When Microsoft shipped its Release Preview of Windows 8 in June, it announced that the default browser, Internet Explorer 10, would have the Do Not Track (DNT) signal enabled by default. That action unleashed a heated debate in the Tracking Protection Working Group of the World Wide Web Consortium (W3C).
To the advertising and analytics companies that make up the tracking industry, this issue is an existential one. If the default browser in the world’s most popular operating system is set to disallow tracking, the effect would be profoundly disruptive to companies that live and die by their ability to follow users around the web.
After much discussion, the working group agreed that DNT could only be turned on by a browser if that decision "reflects the user’s preference." The result was a consensus by the working group that a browser (technically, a user-agent) should not enable DNT by default.
Today, Microsoft answered those critics by saying it still intends to enable DNT in Internet Explorer in IE 10. But the final released version will make one concession, according to Microsoft Chief Privacy Officer Brendon Lynch, who announced the decision in a blog post:
DNT will be enabled in the “Express Settings” portion of the Windows 8 set-up experience. There, customers will also be given a “Customize” option, allowing them to easily switch DNT “off” if they’d like.
Microsoft says anyone who goes through the express setup will know without question that they’re agreeing to enable DNT:
Customers will receive prominent notice that their selection of Express Settings turns DNT “on.” In addition, by using the Customize approach, users will be able to independently turn “on” and “off” a number of settings, including the setting for the DNT signal. A “Learn More” link with detailed information about each recommended setting will help customers decide whether to select Express Settings or Customize. A Privacy Statement link is also available on the screen. Windows 7 customers using IE10 will receive prominent notice that DNT is turned on in their new browser, together with a link providing more information about the setting.
The decision is likely to inspire more outrage from the W3C Tracking Protection Working Group, which is in the homestretch of its standards-setting process.
One of Microsoft’s most ardent foes in this debate is Mike Zaneis, SVP & General Counsel of the Interactive Advertising Bureau, who has argued strenuously that the tracking industry should feel free to ignore DNT signals from anyone using any browser that enables DNT by default:
This group has decided that browsers should be shipped with DNT turned off. Furthermore, we have agreed that browsers shipped with DNT turned on would be non-compliant with the spec (Aleecia has been very public with this position). Therefore, a company can be compliant with the W3C spec and ignore a signal that they know to have been sent by a default setting.

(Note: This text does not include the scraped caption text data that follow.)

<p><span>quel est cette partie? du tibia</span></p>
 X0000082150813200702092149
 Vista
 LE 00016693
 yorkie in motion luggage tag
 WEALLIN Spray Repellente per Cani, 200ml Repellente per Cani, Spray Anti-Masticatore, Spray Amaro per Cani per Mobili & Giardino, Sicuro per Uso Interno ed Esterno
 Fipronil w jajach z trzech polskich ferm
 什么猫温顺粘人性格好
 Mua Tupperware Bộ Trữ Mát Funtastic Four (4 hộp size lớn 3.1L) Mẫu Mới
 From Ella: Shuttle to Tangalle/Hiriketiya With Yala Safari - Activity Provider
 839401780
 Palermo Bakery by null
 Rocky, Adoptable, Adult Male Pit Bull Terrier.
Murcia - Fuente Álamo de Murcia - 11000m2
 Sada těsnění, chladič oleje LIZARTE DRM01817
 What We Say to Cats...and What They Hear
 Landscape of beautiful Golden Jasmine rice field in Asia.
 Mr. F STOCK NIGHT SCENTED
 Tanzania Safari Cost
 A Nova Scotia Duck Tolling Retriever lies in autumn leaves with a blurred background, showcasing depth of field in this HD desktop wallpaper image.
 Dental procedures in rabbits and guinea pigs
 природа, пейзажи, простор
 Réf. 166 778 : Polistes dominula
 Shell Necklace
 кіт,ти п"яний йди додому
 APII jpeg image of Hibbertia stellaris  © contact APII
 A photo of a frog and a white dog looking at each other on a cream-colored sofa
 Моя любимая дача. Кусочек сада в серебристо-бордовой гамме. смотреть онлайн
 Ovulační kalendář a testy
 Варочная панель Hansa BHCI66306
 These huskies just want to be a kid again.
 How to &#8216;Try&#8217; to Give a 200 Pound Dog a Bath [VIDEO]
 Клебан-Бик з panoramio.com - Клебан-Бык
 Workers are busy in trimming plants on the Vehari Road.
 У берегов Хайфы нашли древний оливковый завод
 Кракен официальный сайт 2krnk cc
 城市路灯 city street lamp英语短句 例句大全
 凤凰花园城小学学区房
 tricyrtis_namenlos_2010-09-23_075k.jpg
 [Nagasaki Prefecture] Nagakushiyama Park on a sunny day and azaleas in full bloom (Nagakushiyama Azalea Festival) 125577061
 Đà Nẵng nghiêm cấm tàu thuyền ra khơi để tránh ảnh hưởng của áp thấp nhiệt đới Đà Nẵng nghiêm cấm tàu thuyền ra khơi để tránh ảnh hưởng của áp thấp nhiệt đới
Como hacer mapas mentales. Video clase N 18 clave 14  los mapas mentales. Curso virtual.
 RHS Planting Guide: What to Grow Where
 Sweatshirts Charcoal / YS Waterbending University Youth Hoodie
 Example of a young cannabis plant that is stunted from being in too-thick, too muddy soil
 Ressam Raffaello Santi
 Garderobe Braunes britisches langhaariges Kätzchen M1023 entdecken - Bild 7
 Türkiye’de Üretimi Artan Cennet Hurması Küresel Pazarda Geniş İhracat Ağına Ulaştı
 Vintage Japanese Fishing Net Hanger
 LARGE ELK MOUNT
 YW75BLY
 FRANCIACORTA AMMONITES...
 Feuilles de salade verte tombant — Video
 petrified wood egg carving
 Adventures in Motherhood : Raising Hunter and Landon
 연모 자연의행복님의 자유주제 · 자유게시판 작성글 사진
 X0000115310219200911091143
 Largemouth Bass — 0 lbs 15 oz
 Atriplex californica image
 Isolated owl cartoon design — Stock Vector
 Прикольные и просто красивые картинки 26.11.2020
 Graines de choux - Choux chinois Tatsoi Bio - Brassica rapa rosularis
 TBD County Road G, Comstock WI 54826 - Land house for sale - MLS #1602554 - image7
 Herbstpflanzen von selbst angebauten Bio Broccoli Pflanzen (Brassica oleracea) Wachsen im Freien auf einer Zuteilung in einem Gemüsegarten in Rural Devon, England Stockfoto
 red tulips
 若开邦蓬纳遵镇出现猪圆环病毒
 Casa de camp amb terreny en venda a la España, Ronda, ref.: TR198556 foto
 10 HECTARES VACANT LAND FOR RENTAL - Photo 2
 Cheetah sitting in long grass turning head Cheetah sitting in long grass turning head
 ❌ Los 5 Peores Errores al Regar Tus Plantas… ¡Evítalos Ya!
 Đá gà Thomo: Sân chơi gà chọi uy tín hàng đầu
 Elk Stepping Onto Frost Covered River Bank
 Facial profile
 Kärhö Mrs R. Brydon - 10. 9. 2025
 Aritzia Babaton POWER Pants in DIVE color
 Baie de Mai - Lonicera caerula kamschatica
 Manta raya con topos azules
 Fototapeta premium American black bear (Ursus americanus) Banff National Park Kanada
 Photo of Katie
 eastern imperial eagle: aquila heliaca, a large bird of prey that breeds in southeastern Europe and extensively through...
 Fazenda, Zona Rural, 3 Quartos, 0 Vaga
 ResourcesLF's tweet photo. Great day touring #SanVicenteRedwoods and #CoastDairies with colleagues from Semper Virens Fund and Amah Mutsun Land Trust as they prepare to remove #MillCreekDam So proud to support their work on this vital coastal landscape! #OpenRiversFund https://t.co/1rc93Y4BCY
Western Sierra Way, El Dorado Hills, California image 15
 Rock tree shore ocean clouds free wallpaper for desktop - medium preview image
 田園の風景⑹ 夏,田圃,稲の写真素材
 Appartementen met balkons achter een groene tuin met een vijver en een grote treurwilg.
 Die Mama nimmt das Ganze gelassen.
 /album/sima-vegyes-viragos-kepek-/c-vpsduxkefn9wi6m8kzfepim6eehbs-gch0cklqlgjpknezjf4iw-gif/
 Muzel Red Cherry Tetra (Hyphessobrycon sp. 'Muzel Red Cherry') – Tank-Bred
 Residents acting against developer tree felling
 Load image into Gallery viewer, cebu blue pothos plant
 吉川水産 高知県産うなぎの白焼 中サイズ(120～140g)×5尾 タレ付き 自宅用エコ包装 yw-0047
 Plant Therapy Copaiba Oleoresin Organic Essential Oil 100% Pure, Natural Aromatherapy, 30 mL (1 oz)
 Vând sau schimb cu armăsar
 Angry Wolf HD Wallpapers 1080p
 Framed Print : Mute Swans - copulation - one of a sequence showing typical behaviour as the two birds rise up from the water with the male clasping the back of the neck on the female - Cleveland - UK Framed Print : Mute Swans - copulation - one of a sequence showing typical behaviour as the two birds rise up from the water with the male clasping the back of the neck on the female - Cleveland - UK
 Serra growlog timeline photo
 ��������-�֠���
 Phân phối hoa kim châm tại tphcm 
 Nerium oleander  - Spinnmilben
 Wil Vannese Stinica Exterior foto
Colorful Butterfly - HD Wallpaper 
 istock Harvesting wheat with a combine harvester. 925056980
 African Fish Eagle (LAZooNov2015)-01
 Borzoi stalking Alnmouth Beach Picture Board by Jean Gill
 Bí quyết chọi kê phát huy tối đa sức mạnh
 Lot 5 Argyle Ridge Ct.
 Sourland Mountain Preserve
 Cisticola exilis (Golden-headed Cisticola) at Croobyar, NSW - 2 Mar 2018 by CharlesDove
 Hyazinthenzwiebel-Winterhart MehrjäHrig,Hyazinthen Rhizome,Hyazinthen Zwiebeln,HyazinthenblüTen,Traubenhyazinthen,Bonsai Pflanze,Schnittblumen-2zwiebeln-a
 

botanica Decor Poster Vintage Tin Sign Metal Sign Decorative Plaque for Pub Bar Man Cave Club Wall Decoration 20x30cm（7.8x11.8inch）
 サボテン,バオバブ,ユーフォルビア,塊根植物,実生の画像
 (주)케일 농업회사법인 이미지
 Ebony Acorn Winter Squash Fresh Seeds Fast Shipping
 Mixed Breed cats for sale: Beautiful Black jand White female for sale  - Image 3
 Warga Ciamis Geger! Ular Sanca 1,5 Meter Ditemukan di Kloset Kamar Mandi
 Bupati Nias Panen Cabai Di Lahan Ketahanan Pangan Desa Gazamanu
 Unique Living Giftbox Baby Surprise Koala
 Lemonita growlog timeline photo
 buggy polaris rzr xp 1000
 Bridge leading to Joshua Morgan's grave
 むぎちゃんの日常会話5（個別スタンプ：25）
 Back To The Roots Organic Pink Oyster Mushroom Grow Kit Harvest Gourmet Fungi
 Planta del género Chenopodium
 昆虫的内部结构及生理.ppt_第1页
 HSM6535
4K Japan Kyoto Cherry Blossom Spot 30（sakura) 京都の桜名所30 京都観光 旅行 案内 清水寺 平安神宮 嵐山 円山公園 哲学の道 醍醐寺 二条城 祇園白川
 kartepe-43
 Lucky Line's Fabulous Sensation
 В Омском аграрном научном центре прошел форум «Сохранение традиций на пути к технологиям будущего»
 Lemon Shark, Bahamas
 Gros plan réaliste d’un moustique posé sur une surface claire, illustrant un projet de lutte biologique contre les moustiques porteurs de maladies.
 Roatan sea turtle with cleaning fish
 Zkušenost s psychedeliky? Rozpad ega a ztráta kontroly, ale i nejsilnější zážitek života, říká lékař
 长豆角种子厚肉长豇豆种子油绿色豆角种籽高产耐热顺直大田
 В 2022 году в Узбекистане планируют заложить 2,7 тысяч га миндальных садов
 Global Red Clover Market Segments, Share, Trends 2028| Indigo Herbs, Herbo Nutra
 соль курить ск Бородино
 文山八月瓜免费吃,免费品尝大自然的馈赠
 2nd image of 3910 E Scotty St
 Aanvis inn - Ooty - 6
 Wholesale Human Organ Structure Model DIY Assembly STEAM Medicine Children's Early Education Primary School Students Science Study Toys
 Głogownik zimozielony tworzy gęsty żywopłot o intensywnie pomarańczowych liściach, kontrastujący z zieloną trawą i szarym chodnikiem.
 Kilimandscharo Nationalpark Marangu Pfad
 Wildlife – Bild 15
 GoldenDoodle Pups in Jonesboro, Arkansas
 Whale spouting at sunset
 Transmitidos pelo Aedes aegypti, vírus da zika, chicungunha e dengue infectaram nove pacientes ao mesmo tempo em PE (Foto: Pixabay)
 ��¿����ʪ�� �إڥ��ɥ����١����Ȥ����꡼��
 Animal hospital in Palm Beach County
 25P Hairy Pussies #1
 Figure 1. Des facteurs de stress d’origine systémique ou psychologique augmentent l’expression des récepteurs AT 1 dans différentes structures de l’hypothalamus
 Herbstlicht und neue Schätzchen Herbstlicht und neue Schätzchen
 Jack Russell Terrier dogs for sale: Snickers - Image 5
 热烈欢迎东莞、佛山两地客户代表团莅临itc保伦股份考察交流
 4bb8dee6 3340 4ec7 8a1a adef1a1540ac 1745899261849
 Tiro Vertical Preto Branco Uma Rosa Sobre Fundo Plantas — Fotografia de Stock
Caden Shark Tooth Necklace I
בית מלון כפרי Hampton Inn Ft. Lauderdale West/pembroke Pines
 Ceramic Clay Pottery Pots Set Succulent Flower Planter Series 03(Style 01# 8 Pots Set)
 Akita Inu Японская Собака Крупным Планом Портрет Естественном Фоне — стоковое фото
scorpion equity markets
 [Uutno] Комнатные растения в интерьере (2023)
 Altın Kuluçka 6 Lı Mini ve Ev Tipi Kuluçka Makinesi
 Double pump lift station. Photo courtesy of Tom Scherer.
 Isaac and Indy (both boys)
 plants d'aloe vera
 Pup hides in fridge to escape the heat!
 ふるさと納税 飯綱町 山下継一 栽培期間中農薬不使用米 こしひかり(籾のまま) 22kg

The question ultimately comes down to defaults. Both sides know that most users are inclined to accept the default settings rather than go through a customization process. The tracking industry wants that default to be “Go ahead and track me, I don’t care,” while Microsoft argues that displaying the effect of the default settings diuring initial setup is sufficient to ensure that the DNT setting matches the user’s intent.
If the W3C working group ultimately sides with the tracking industry, the effect on users will be pure confusion. The IAB argues that it’s OK to completely ignore a DNT signal from a “non-compliant” browser like IE 10. But another working group member argues that that approach is flawed. Tamir Israel, of the Canadian Internet Policy and Public Interest Clinic, responded to Zaneis with a list of objections:
* allowing for second guessing of facially valid signals leads to significant confusion on the part of users, many of whom will be using IE10 under the assumption that they are not being tracked;
* at least in some, if not all, jurisdictions servers open themselves up to significant potential liability if they ignore such signals, even if the browser sending them is non-compliant;
* it is essentially browser sniffing, which sets a bad precedent the impact of which far exceeds IE10 implications. It will allow anyone at any point of the exchange to basically ignore any signal they don't like based on purely subjective factors;
With its decision, Microsoft is consciously staking out a pro-privacy position for IE 10 and throwing down a gauntlet to the Tracking Protection Working Group, which thought it had hammered out an uneasy consensus between privacy groups and advertisers.
The working group is scheduled to meet tomorrow. Although today’s announcement by Microsoft isn’t on the agenda, I’m betting that it will be a topic of still more vigorous discussion.